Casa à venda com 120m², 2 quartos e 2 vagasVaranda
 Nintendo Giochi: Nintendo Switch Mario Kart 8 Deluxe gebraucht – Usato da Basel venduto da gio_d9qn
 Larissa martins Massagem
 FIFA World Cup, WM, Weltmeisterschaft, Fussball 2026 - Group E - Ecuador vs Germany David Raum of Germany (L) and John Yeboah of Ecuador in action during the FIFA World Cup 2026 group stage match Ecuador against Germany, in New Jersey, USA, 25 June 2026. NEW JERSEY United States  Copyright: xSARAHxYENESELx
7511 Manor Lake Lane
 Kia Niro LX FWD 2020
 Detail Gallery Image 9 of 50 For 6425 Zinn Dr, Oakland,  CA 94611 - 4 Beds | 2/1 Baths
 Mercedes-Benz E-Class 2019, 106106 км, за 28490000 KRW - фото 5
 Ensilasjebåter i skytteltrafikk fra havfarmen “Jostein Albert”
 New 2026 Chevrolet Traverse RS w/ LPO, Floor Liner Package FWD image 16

● **AIM OF THE TASK**
Give an exact copy of the lines above, from the top of the records to the line that contains "Larissa martins Massagem", taking in both ends.

● **REPLY TO THE TASK**
Casa à venda com 120m², 2 quartos e 2 vagasVaranda
 Nintendo Giochi: Nintendo Switch Mario Kart 8 Deluxe gebraucht – Usato da Basel venduto da gio_d9qn
 Larissa martins Massagem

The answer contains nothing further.